▶ [WHAT THE EXERCISE ASKS]: With the pictures excluded, retype the records that follow exactly.
========================
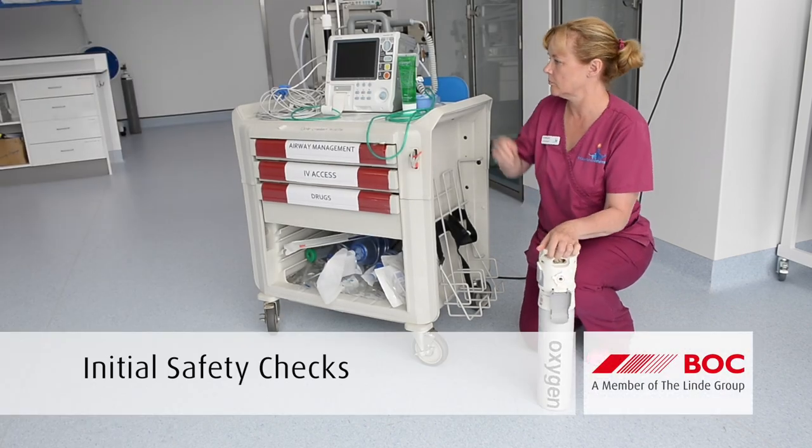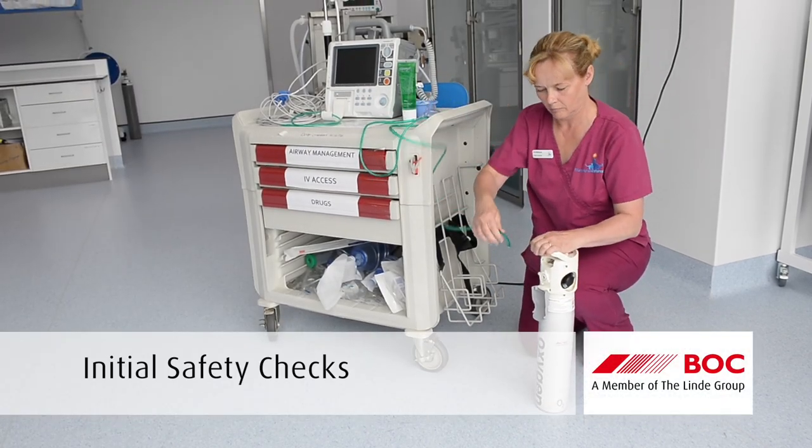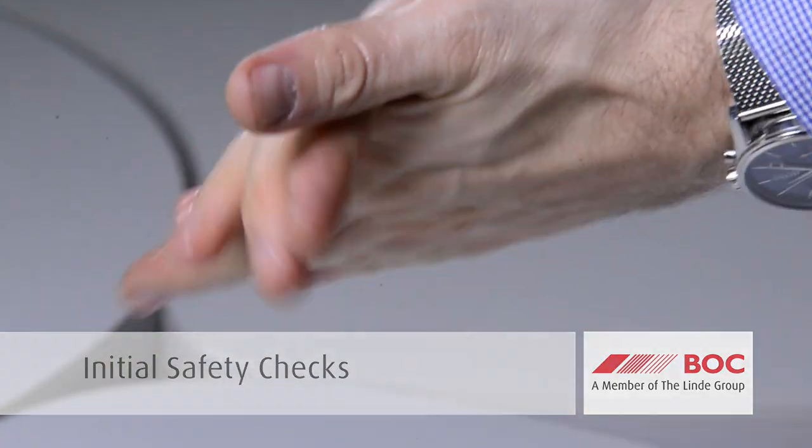Before handling cylinders, ensure your hands are clean. If you have been using alcohol-based gel or liquids to decontaminate your hands, make sure the alcohol has totally evaporated.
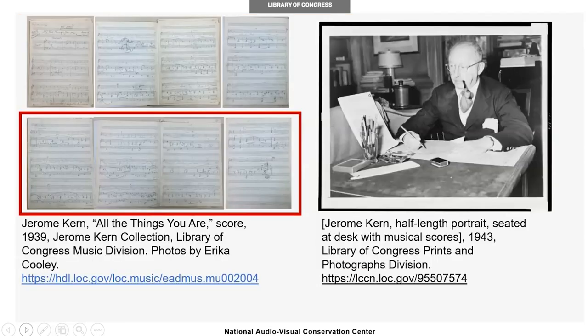The original score is in the music division as part of the Jerome Kern collection, a composer of many popular show tunes. 'All the Things You Are' was written and released in 1939 as part of the musical 'Very Warm for May' and would go on to feature on the top charts for radio in the same year.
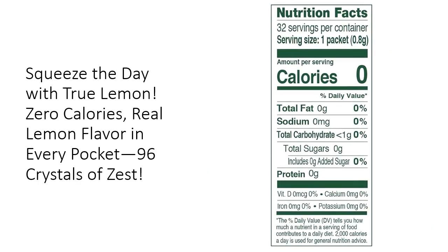Looking for an effective way to stay hydrated? True Lemon makes drinking water more enjoyable by adding a delicious lemon kick — perfect for anyone who struggles to drink enough water or wants to cut back on sugary beverages. With over 1,000 rave reviews, this is the natural lemon solution you've been searching for: freshness, flavor, and fun all wrapped up in a tiny, powerful packet.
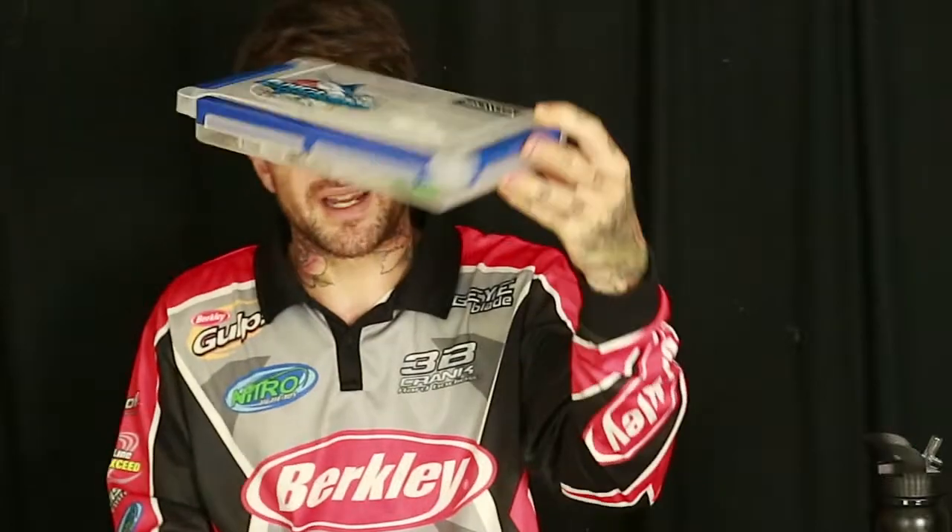This is the lure box I was going to take out today. I started using the Plano Guide Series trays — I can't remember the exact size but they're great because they're about half the size of a regular plastics box, so you can fit five or six of them in a tackle bag. They're only about 10 to 12 bucks, and they fit everything from big frogs to big cicadas. For the size of lures I use, it's perfect and I can fit a lot more.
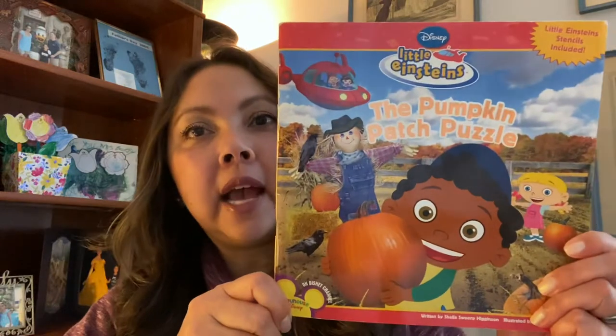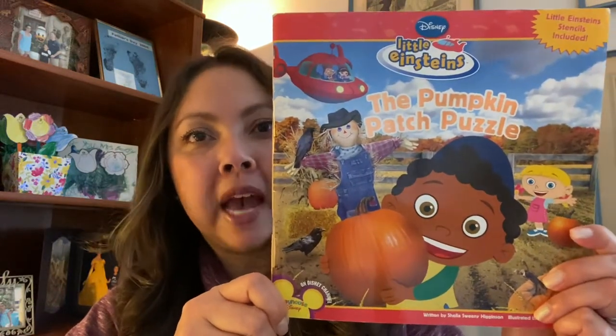Hi, parents and caregivers. For this next session, we will be reading The Little Einstein's The Pumpkin Patch Puzzle. If you can — and you don't have to — the full episode is somewhere on YouTube, and if you can watch it with your child before their speech session, that would be great.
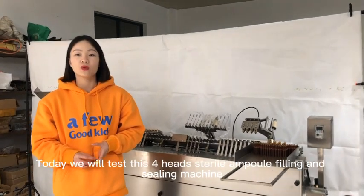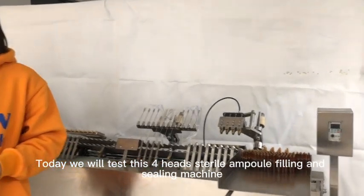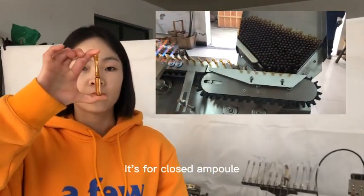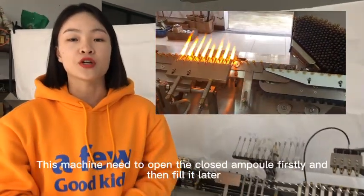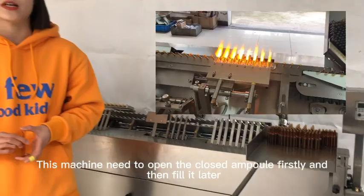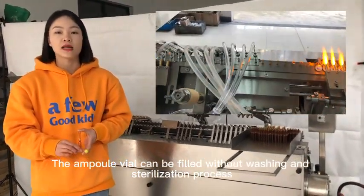Hello everyone, today we will test this pre-filled sterilized ampoule filling and sealing machine. It's for closed ampoules. This machine needs to open the closed ampoule firstly and then fill it. The ampoule vials need to be filled without washing and sterilization.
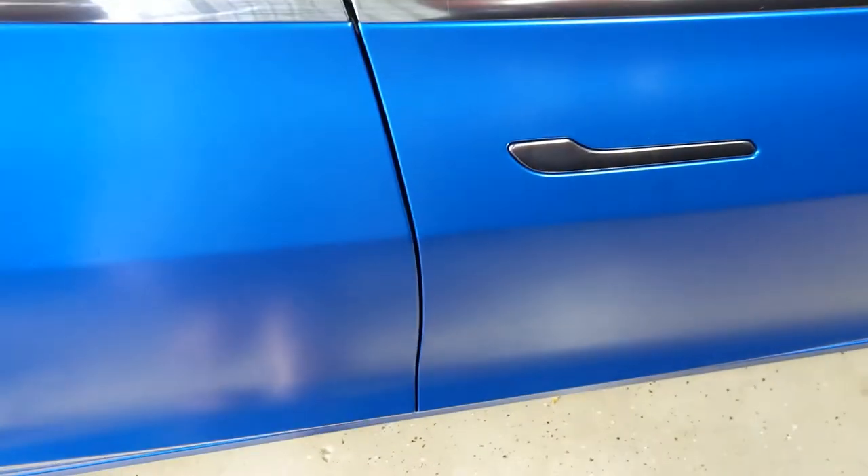It looks way better and it's not noticeable unless you get within a few inches of the car. You can also see a little ding in the door where I put a little strip and fixed that as well — another door chip. I got a little strip of vinyl wrap, wrapped over it, and used the blow dryer to heat it up and keep the adherence. It's been a couple weeks now and it's holding up just fine.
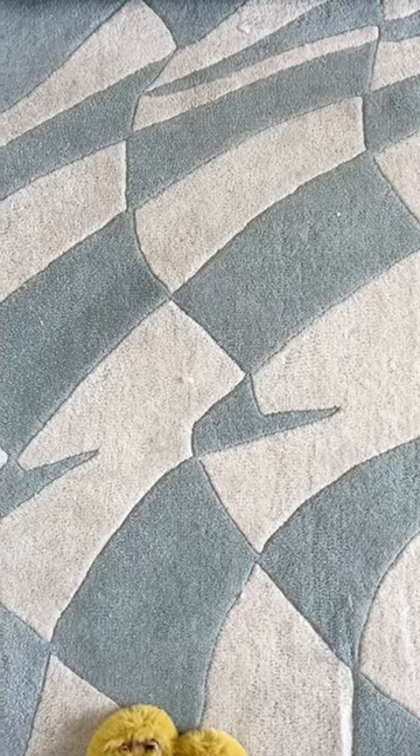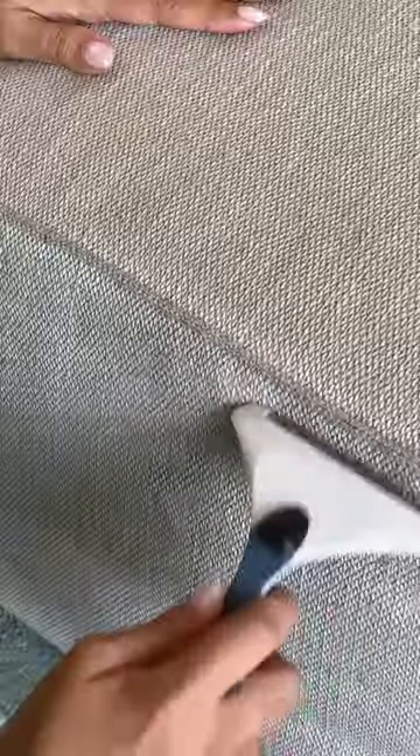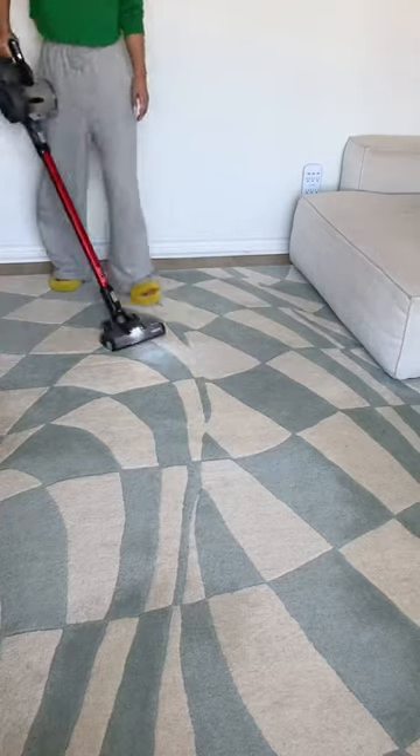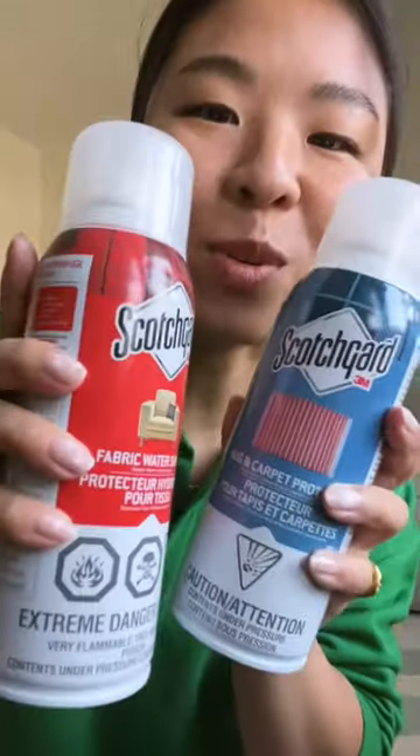I often get asked how I upkeep my super white couch and my super light colored rug. For a deep clean, I start by defuzzing the upholstery. Then I vacuum up all the dry bits, including the rug, before going in with the deep upholstery cleaner. Then finally waterproofing.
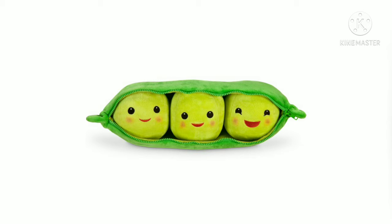So it's pretty much three peas in a pod, and it's this really uber cute plush. It comes with a zipper and you just unzip it. It has these three peas and you can remove them, but I haven't cut off the tag that attaches them yet.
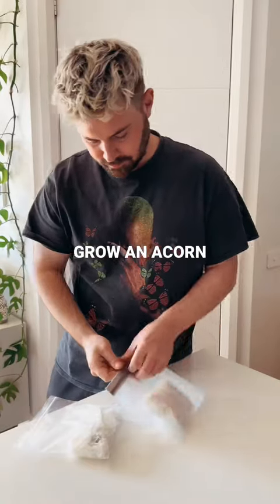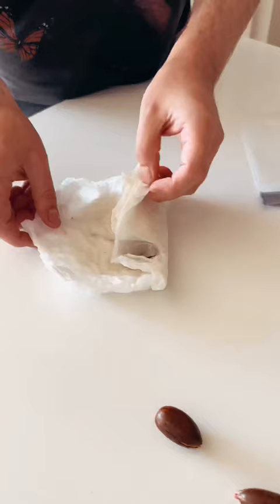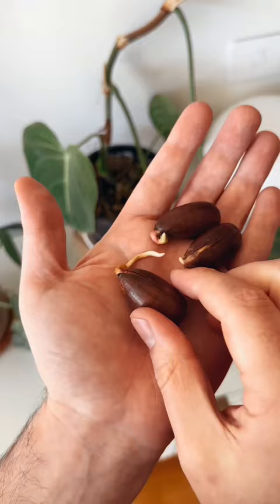Two weeks ago, I put acorns in my pantry to grow my own oak tree and I cannot believe how much they have grown. I put quite a few in for a high strike rate and three of them are ready to go, especially one of the big boys.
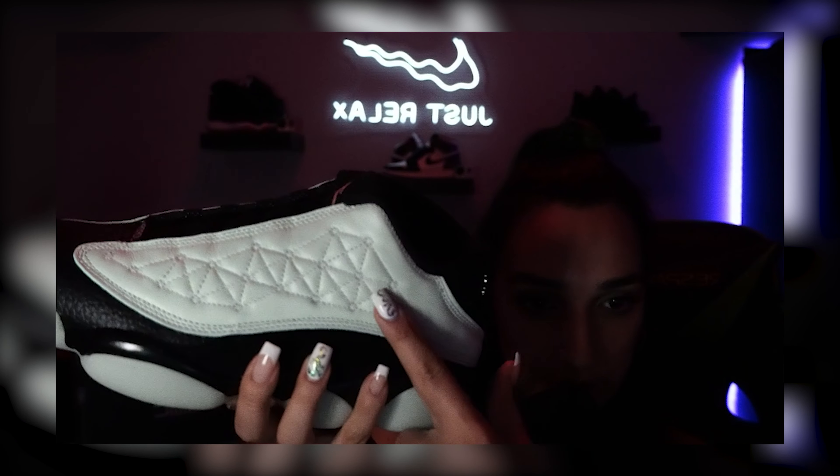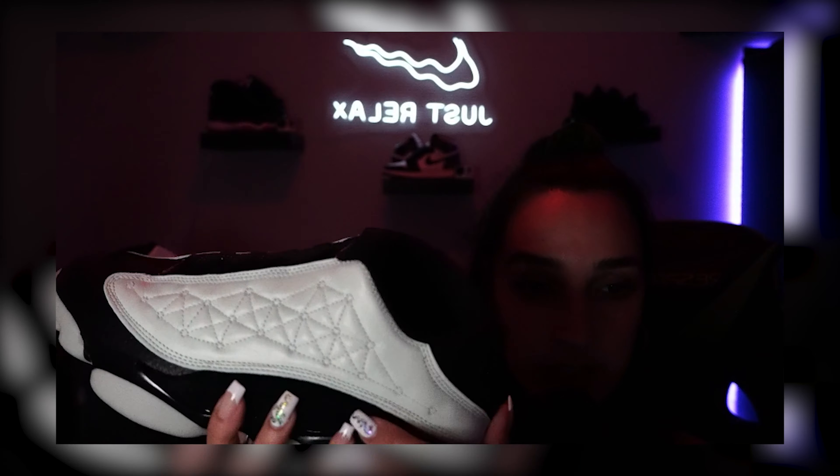Also forgot to say — check the insole, it also has that matrix vibe. Kind of hard to see but there you go, you see it? They really tied it together. It's not in your face with it — you have to look close to see those numbers and letters on there. But it's cool overall. I wouldn't be mad at a pass if that's what it came down to, but personally for the glow in the dark, it's a cop for me.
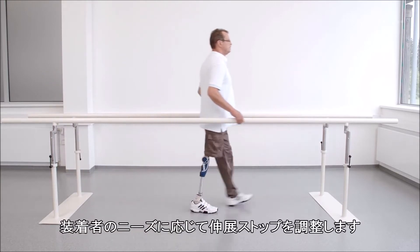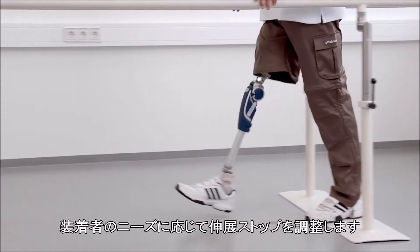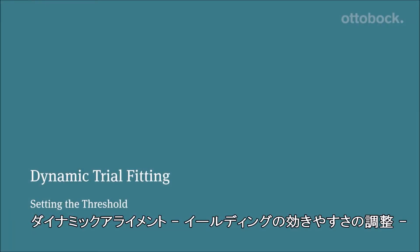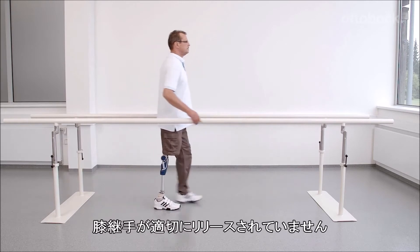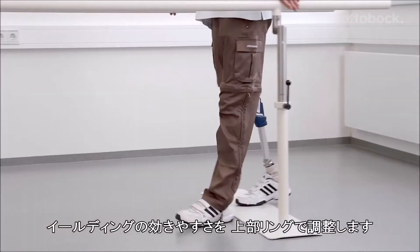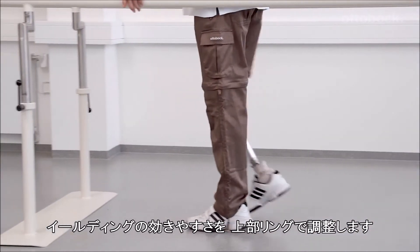The extension stop can be adjusted individually to the user's needs. Should a so-called hitch occur, the swing phase of the knee is not releasing properly. In this case, the setting of the body weight-based stance phase damping needs to be modified by changing the upper adjustment ring.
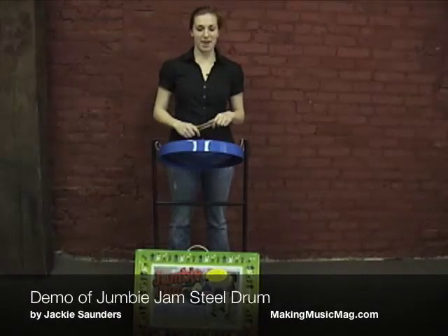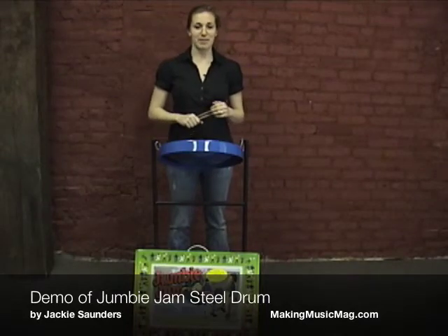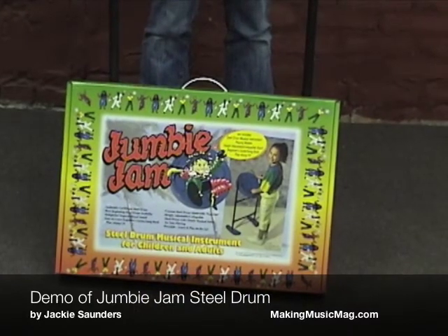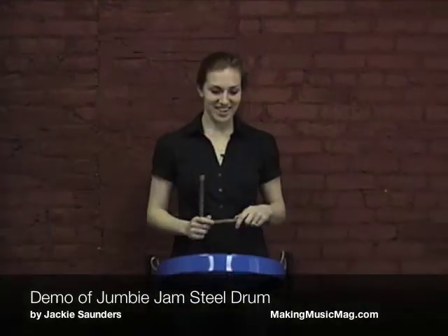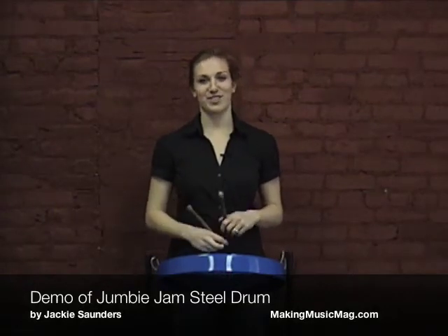Hi, this is Jackie with Making Music Magazine. Today I'm going to show you a little bit about the Jumby Jam made by Panyard. It is a beginner Caribbean steel drum, and it's great because all the notes are clearly marked on the drum. To demonstrate the way the Jumby Jam sounds, I'll play the intro to Margaritaville, which is very easy.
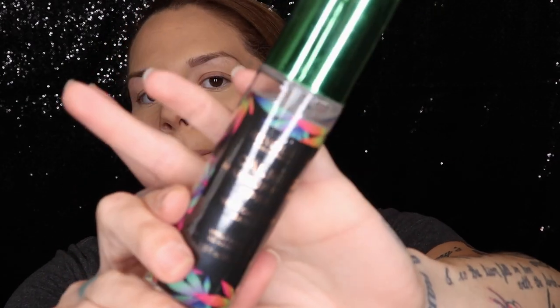I'm gonna be spraying my face with the Revolution Makeup Cannabis Calming Fixing Spray. I chose this because I don't think it's a matte spray, so it should complement the dewy foundation. I'm waiting for my lash glue to get tacky while I apply the setting spray, and then I'm going to do my lips.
========================
▶ [RESPONSE AREA]:
Before handling cylinders, ensure your hands are clean. If you have been using alcohol-based gel or liquids to decontaminate your hands, make sure the alcohol has totally evaporated.
The original score is in the music division as part of the Jerome Kern collection, a composer of many popular show tunes. 'All the Things You Are' was written and released in 1939 as part of the musical 'Very Warm for May' and would go on to feature on the top charts for radio in the same year.
Looking for an effective way to stay hydrated? True Lemon makes drinking water more enjoyable by adding a delicious lemon kick — perfect for anyone who struggles to drink enough water or wants to cut back on sugary beverages. With over 1,000 rave reviews, this is the natural lemon solution you've been searching for: freshness, flavor, and fun all wrapped up in a tiny, powerful packet.
This is the lure box I was going to take out today. I started using the Plano Guide Series trays — I can't remember the exact size but they're great because they're about half the size of a regular plastics box, so you can fit five or six of them in a tackle bag. They're only about 10 to 12 bucks, and they fit everything from big frogs to big cicadas. For the size of lures I use, it's perfect and I can fit a lot more.
Hi, parents and caregivers. For this next session, we will be reading The Little Einstein's The Pumpkin Patch Puzzle. If you can — and you don't have to — the full episode is somewhere on YouTube, and if you can watch it with your child before their speech session, that would be great.
Hello everyone, today we will test this pre-filled sterilized ampoule filling and sealing machine. It's for closed ampoules. This machine needs to open the closed ampoule firstly and then fill it. The ampoule vials need to be filled without washing and sterilization.
It looks way better and it's not noticeable unless you get within a few inches of the car. You can also see a little ding in the door where I put a little strip and fixed that as well — another door chip. I got a little strip of vinyl wrap, wrapped over it, and used the blow dryer to heat it up and keep the adherence. It's been a couple weeks now and it's holding up just fine.
I often get asked how I upkeep my super white couch and my super light colored rug. For a deep clean, I start by defuzzing the upholstery. Then I vacuum up all the dry bits, including the rug, before going in with the deep upholstery cleaner. Then finally waterproofing.
So it's pretty much three peas in a pod, and it's this really uber cute plush. It comes with a zipper and you just unzip it. It has these three peas and you can remove them, but I haven't cut off the tag that attaches them yet.
Two weeks ago, I put acorns in my pantry to grow my own oak tree and I cannot believe how much they have grown. I put quite a few in for a high strike rate and three of them are ready to go, especially one of the big boys.
Also forgot to say — check the insole, it also has that matrix vibe. Kind of hard to see but there you go, you see it? They really tied it together. It's not in your face with it — you have to look close to see those numbers and letters on there. But it's cool overall. I wouldn't be mad at a pass if that's what it came down to, but personally for the glow in the dark, it's a cop for me.
The extension stop can be adjusted individually to the user's needs. Should a so-called hitch occur, the swing phase of the knee is not releasing properly. In this case, the setting of the body weight-based stance phase damping needs to be modified by changing the upper adjustment ring.
Hi, this is Jackie with Making Music Magazine. Today I'm going to show you a little bit about the Jumby Jam made by Panyard. It is a beginner Caribbean steel drum, and it's great because all the notes are clearly marked on the drum. To demonstrate the way the Jumby Jam sounds, I'll play the intro to Margaritaville, which is very easy.
I'm gonna be spraying my face with the Revolution Makeup Cannabis Calming Fixing Spray. I chose this because I don't think it's a matte spray, so it should complement the dewy foundation. I'm waiting for my lash glue to get tacky while I apply the setting spray, and then I'm going to do my lips.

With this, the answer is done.